> **GIVEN RECORDS**:
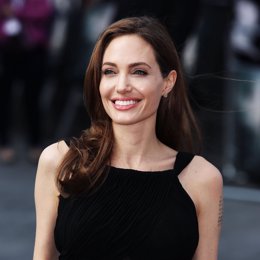 LONDON, ENGLAND - JUNE 02:  Angelina Jolie attends the World Premiere of 'World 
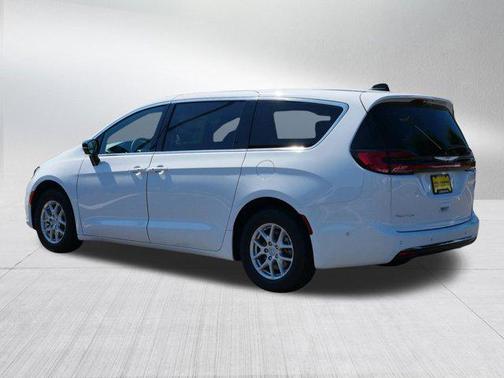 2025 Chrysler Pacifica L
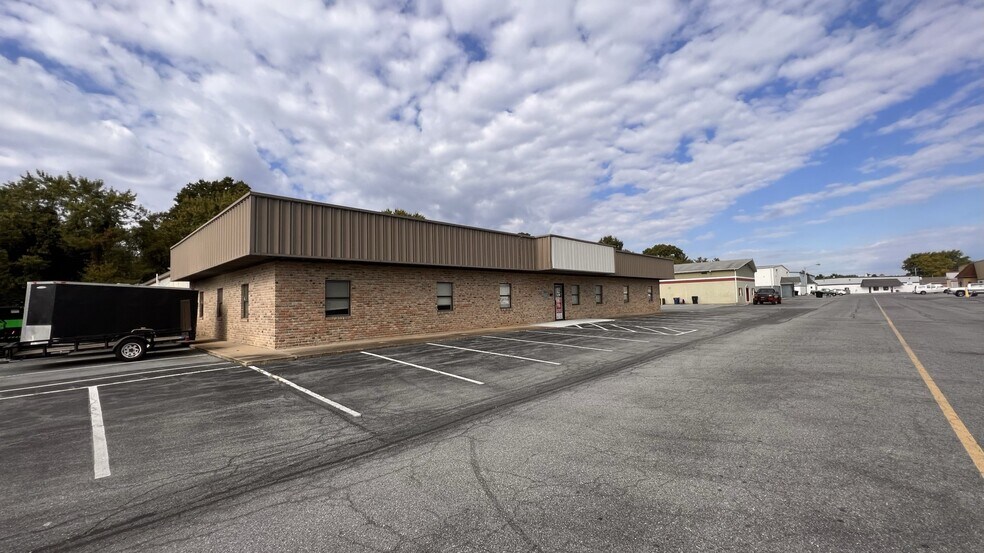 604 Otis Dr, Dover, DE à louer - Photo de l’immeuble – Image 2 sur 23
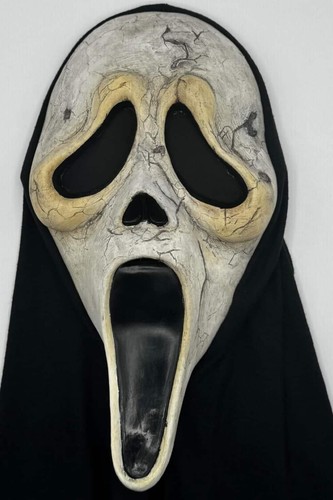 Scream aged nancy loomis - vi,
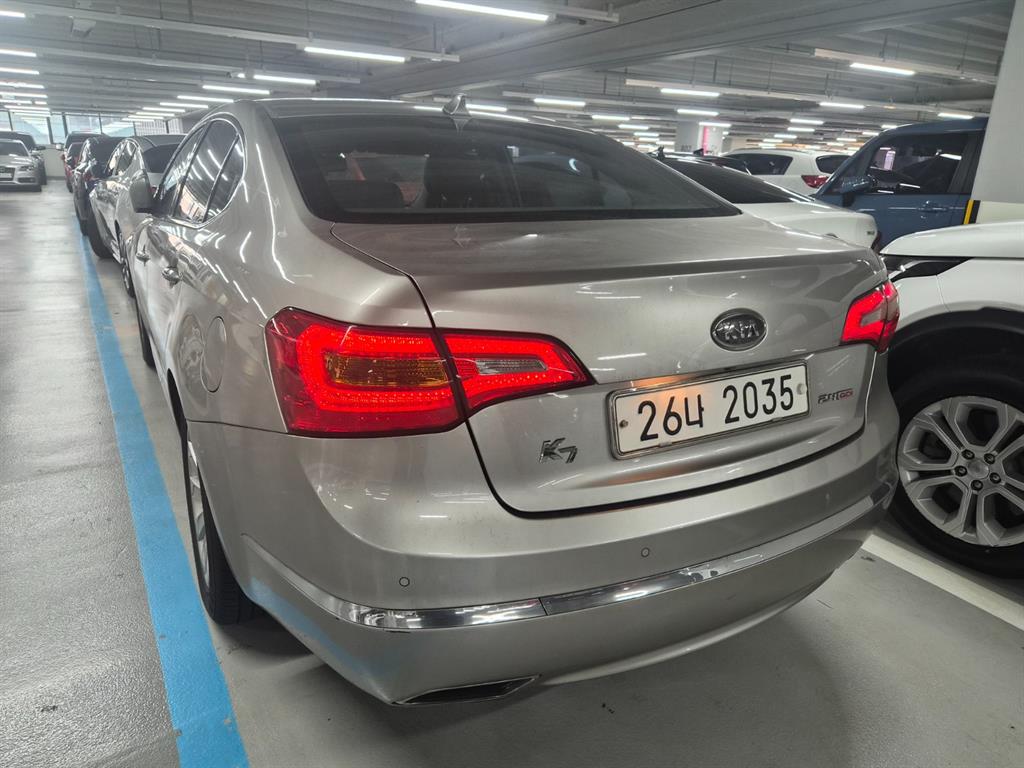KIA K7 - Vista 6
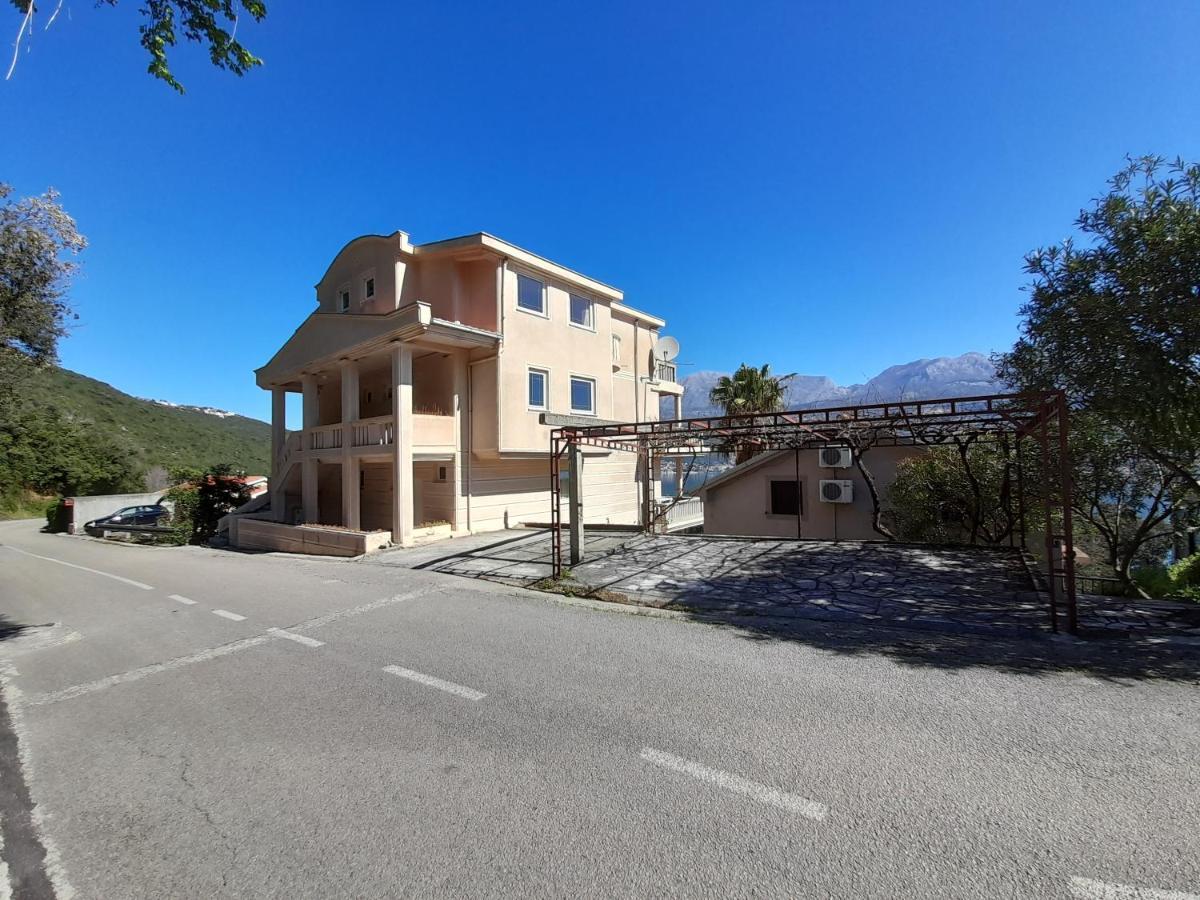 Villa Garden Apartments Herceg Novi Esterno foto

> **TASK DIRECTIONS**: For this step, transcribe all the material above exactly and drop the images.

> **EXERCISE ANSWER**:
 LONDON, ENGLAND - JUNE 02:  Angelina Jolie attends the World Premiere of 'World 
 2025 Chrysler Pacifica L
 604 Otis Dr, Dover, DE à louer - Photo de l’immeuble – Image 2 sur 23
 Scream aged nancy loomis - vi,
KIA K7 - Vista 6
 Villa Garden Apartments Herceg Novi Esterno foto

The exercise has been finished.